Assignment: Exact reproduction required: the lines below from the line with "GAP BNWT XS Striped Turtleneck Sweater" to the line with "Portrait der Pianistin", both ends included, and no others.

Input:
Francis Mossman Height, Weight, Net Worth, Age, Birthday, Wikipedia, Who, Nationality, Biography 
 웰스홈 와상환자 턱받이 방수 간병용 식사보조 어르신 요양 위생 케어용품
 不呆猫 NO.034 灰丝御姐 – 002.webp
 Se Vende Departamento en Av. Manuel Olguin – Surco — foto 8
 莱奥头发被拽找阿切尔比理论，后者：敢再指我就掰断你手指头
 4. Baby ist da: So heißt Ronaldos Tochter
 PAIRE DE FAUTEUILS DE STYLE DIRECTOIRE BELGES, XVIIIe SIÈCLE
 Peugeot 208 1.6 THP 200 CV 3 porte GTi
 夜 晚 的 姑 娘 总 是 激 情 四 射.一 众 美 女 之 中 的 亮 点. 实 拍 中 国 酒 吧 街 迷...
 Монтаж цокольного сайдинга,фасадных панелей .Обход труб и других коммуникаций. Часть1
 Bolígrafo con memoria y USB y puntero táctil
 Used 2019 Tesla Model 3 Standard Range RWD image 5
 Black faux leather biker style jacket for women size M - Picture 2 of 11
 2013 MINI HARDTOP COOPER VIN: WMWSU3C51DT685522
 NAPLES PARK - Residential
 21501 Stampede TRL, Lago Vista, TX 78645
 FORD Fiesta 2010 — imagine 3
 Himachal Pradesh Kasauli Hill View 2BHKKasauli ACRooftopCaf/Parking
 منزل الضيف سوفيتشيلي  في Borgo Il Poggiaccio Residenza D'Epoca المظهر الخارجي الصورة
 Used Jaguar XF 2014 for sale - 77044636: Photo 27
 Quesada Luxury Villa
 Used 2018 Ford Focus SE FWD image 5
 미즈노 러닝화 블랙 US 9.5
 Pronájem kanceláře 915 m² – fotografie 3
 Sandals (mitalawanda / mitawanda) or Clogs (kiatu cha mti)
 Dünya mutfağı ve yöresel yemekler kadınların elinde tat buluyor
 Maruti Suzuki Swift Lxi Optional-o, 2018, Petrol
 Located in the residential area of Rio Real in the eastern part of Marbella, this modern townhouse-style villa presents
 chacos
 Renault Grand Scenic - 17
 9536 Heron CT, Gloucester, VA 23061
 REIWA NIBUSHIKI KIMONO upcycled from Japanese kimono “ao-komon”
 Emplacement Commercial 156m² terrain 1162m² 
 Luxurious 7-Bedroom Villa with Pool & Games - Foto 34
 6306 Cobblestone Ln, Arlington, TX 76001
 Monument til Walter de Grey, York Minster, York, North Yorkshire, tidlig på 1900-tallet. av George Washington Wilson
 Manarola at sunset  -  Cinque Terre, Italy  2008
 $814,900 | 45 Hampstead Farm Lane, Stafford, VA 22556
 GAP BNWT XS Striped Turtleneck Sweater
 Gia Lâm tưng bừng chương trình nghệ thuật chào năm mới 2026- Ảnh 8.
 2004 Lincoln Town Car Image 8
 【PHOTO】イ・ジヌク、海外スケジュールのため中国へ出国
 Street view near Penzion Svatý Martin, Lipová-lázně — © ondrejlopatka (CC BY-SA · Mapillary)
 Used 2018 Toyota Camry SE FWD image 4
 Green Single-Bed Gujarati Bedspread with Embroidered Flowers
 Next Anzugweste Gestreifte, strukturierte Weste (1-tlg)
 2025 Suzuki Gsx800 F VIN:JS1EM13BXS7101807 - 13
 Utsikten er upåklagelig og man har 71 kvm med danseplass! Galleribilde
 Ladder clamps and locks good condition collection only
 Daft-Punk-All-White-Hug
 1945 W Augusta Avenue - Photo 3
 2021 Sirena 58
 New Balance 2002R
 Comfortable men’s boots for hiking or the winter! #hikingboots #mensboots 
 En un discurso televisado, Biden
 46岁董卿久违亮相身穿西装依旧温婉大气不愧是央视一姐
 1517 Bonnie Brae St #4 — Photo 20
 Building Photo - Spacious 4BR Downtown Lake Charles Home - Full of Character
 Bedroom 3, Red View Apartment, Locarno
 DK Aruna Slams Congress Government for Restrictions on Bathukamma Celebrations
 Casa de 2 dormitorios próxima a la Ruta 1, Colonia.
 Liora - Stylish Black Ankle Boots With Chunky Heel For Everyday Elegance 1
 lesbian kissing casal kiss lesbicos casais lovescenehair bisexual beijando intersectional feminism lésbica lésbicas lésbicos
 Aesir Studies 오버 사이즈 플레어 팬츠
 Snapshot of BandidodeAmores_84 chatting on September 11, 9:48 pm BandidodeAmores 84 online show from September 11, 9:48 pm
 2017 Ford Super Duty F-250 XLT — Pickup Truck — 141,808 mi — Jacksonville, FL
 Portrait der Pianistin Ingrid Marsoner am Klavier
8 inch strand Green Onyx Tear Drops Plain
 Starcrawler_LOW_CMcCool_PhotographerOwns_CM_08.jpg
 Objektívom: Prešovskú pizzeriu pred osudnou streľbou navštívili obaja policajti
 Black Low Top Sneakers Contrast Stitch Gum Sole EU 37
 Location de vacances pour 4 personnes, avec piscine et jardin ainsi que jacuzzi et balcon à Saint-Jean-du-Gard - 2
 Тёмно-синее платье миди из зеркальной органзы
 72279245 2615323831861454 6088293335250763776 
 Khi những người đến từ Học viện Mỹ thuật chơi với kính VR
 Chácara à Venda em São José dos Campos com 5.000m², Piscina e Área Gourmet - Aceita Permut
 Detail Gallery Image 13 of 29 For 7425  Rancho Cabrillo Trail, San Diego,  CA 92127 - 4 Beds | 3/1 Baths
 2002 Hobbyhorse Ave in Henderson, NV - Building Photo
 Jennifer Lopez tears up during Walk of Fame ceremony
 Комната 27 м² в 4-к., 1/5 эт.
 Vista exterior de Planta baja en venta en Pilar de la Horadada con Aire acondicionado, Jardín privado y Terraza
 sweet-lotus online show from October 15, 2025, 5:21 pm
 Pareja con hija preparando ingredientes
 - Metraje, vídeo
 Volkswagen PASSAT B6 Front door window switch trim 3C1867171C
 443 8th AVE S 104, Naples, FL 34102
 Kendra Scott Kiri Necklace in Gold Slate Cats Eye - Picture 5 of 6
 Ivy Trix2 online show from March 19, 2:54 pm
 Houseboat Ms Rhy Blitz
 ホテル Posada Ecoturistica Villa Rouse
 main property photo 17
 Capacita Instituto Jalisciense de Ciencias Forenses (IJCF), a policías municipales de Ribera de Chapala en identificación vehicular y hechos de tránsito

Written solution:
 GAP BNWT XS Striped Turtleneck Sweater
 Gia Lâm tưng bừng chương trình nghệ thuật chào năm mới 2026- Ảnh 8.
 2004 Lincoln Town Car Image 8
 【PHOTO】イ・ジヌク、海外スケジュールのため中国へ出国
 Street view near Penzion Svatý Martin, Lipová-lázně — © ondrejlopatka (CC BY-SA · Mapillary)
 Used 2018 Toyota Camry SE FWD image 4
 Green Single-Bed Gujarati Bedspread with Embroidered Flowers
 Next Anzugweste Gestreifte, strukturierte Weste (1-tlg)
 2025 Suzuki Gsx800 F VIN:JS1EM13BXS7101807 - 13
 Utsikten er upåklagelig og man har 71 kvm med danseplass! Galleribilde
 Ladder clamps and locks good condition collection only
 Daft-Punk-All-White-Hug
 1945 W Augusta Avenue - Photo 3
 2021 Sirena 58
 New Balance 2002R
 Comfortable men’s boots for hiking or the winter! #hikingboots #mensboots 
 En un discurso televisado, Biden
 46岁董卿久违亮相身穿西装依旧温婉大气不愧是央视一姐
 1517 Bonnie Brae St #4 — Photo 20
 Building Photo - Spacious 4BR Downtown Lake Charles Home - Full of Character
 Bedroom 3, Red View Apartment, Locarno
 DK Aruna Slams Congress Government for Restrictions on Bathukamma Celebrations
 Casa de 2 dormitorios próxima a la Ruta 1, Colonia.
 Liora - Stylish Black Ankle Boots With Chunky Heel For Everyday Elegance 1
 lesbian kissing casal kiss lesbicos casais lovescenehair bisexual beijando intersectional feminism lésbica lésbicas lésbicos
 Aesir Studies 오버 사이즈 플레어 팬츠
 Snapshot of BandidodeAmores_84 chatting on September 11, 9:48 pm BandidodeAmores 84 online show from September 11, 9:48 pm
 2017 Ford Super Duty F-250 XLT — Pickup Truck — 141,808 mi — Jacksonville, FL
 Portrait der Pianistin Ingrid Marsoner am Klavier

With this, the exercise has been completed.